The first observation is that using the default F1 instance once we start fetching more than 100 entities or once we start to add/update/delete more than 1000 entities, we saturate the Datastore -> Objectify -> Java throughput and don’t scale any more:
App Engine Datastore median time per entity for 1 KB entities @ F1 instance

The other interesting observation is that the Datastore -> Objectify -> Java throughput depends a lot on the App Engine instance. That’s not a surprising fact because the application needs to serialize data back and forth when communicating with the Datastore. This requires CPU power. The following two charts show that more CPU power speeds up all operations where serializing is involved — that is all Datastore operations but the Delete one which only queries the Datastore by supplying the keys of the entities, no data:
App Engine Datastore times per entity for 1000 x 1 KB entities @ F1 instance

App Engine Datastore times per entity for 1000 x 1 KB entities @ F4 instance

It is unexpected that the App Engine and the Datastore still have good and bad days. Their latency as well as CPU accounting could fluctuate a lot. The following chart shows the benchmark results which we got using an F1 instance. If you compare this to the chart above where a much more expensive F4 instance was used, you’ll notice that the 4-times cheaper F1 instance performed almost as fast as an F4 instance:
App Engine Datastore times per entity for 1000 x 1 KB entities @ F1 instance (test on another day)

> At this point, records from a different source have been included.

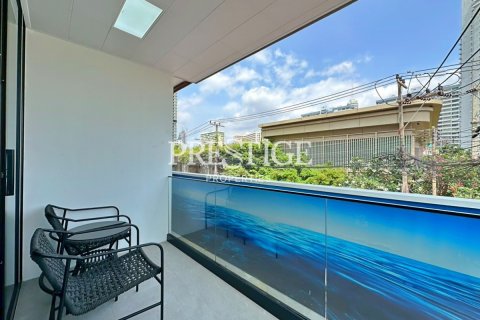 Condo in Pattaya, Thailand, 13 bedrooms № 197593 - photo 16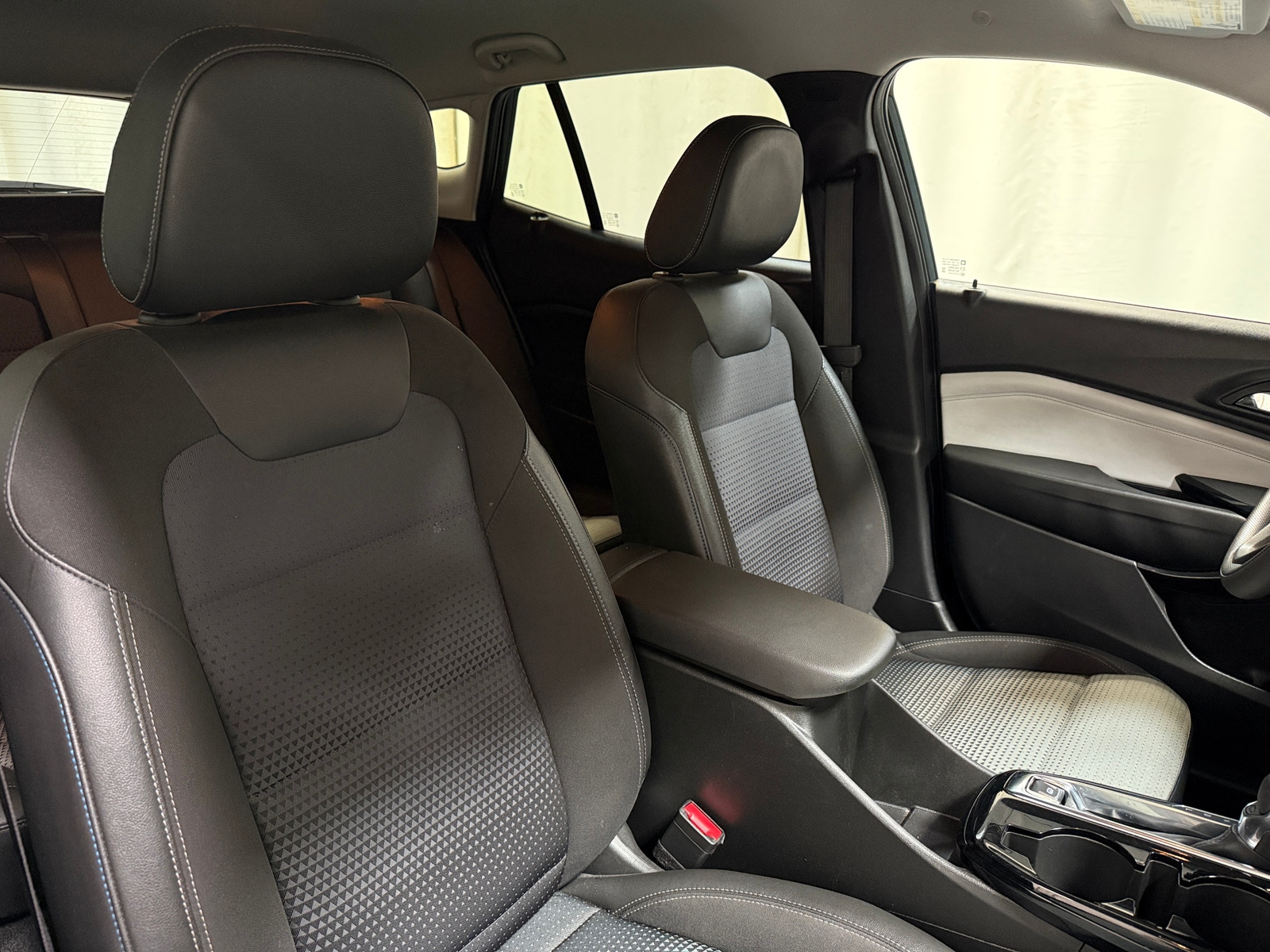 Thumbnail: 2025 Chevrolet Trax - 2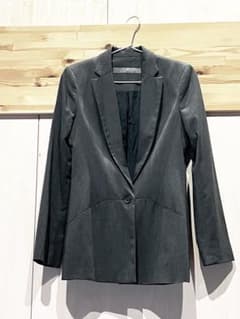 ZARA テーラードジャケット Sのサムネイル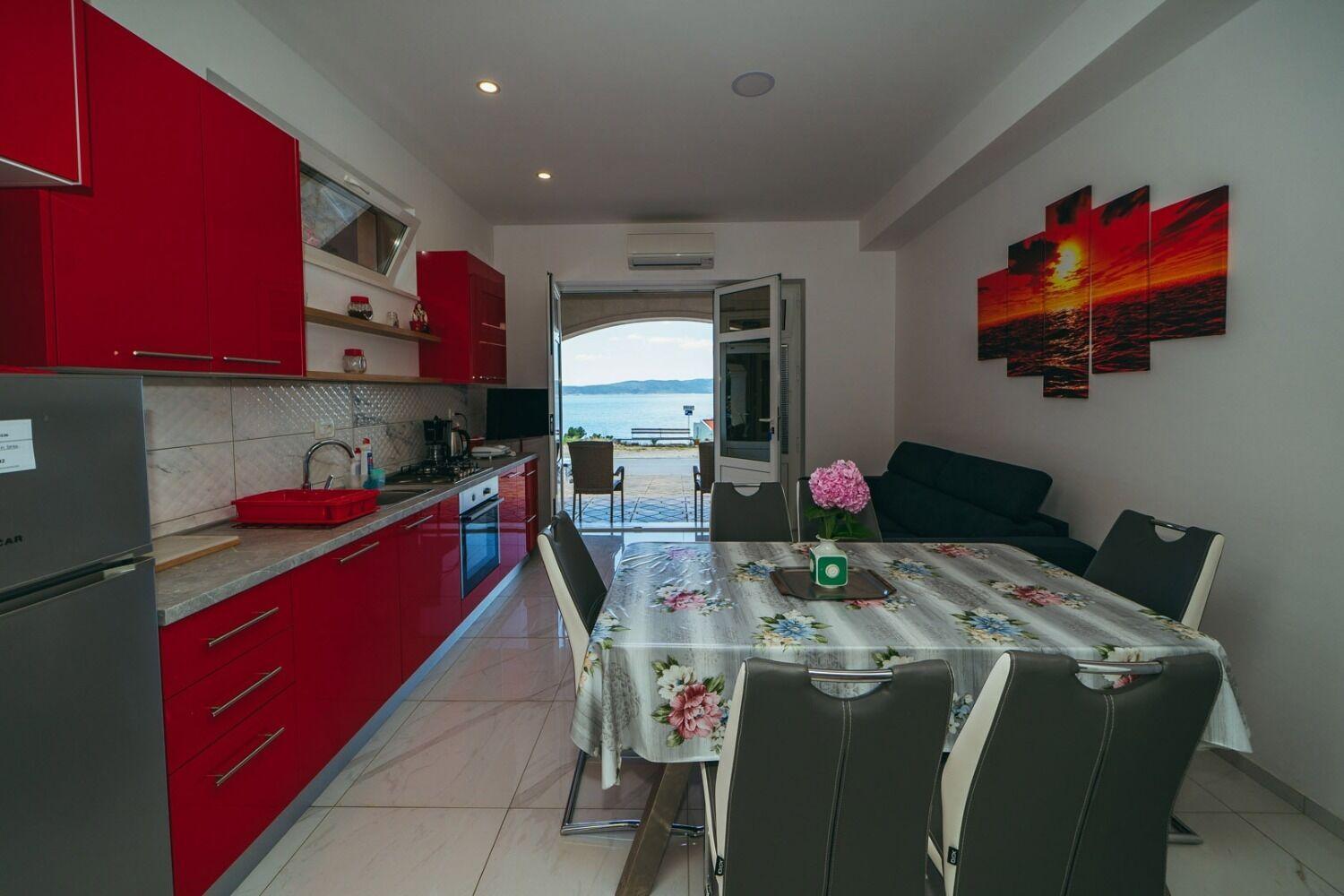Apartments Lovre - Close To The Sea Брела Екстериор снимка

The source code and the raw results are available for download at http://www.famzah.net/download/gae-datastore-performance/


Leave a comment

Google App Engine Performance Profiling

When developing under Google App Engine, developers need to pay attention to how fast their code works, and also how much resources their code uses. The first parameter is vital for user-experience, the second – for the hosting expenses, as resources usage costs money.

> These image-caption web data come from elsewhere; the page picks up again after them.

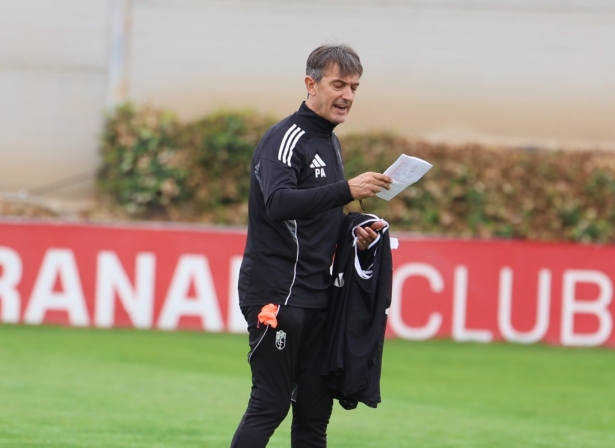 Pacheta espera que el equipo afine la puntería (J. AZCOYTIA)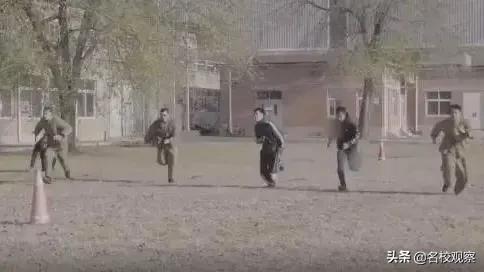 张艺谋狙击手最新评分（张艺谋新片狙击手全国热映）(7)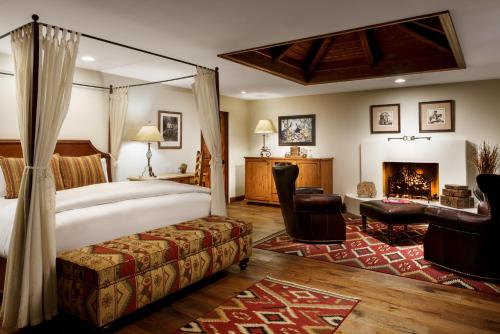 una camera con letto e camino di The Hermosa Inn a Phoenix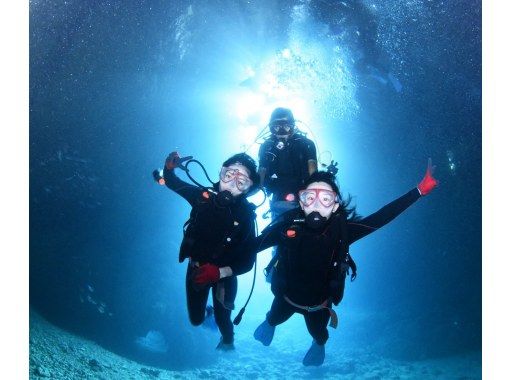 Blue Cave Diving | GoPro photos and videos [Unlimited shooting only at our shop]・Showers, hairdryers, and parking are all free! Safe and comfortable store gathering | Exclusive rental for one groupの画像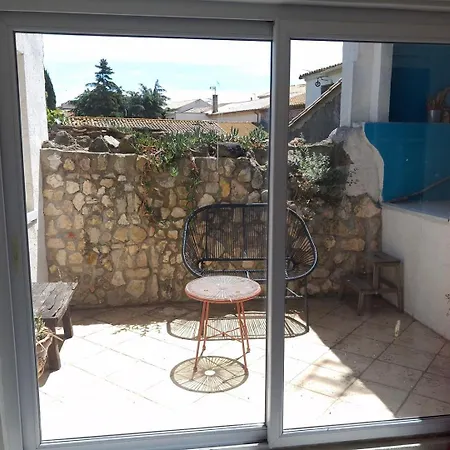 Authentique Maison De Village A Avec Patio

It turns out that there are quite a few suitable profilers for Google App Engine. At least these are the ones I could find:

  • Appstats – no doubt, the most advanced one, giving you information about the timing and costs of your RPC calls to the datastore, Memcache, etc.
    Works for both Python, and Java. Included in the official SDK as of version 1.3.1.
  • appengine-profiler – besides being an RPC profiler like Appstats, appengine-profiler gives you the option to profile the CPU usage of your code, thus you can easily identify hot-spots where your code wastes a lot of CPU resources and wall-clock time. You can define “tracepoints” which surround part of your code blocks, and you’ll easily know the resources usage of these blocks for each page load.
    Works for Python.
  • AppWrench – the Java profiler. I don’t code on Java, and I haven’t tested this profiler, but I’m including it here for all you Java gurus.

Resources:


Leave a comment

Validator for the Model key_name property in Google App Engine datastore (Python)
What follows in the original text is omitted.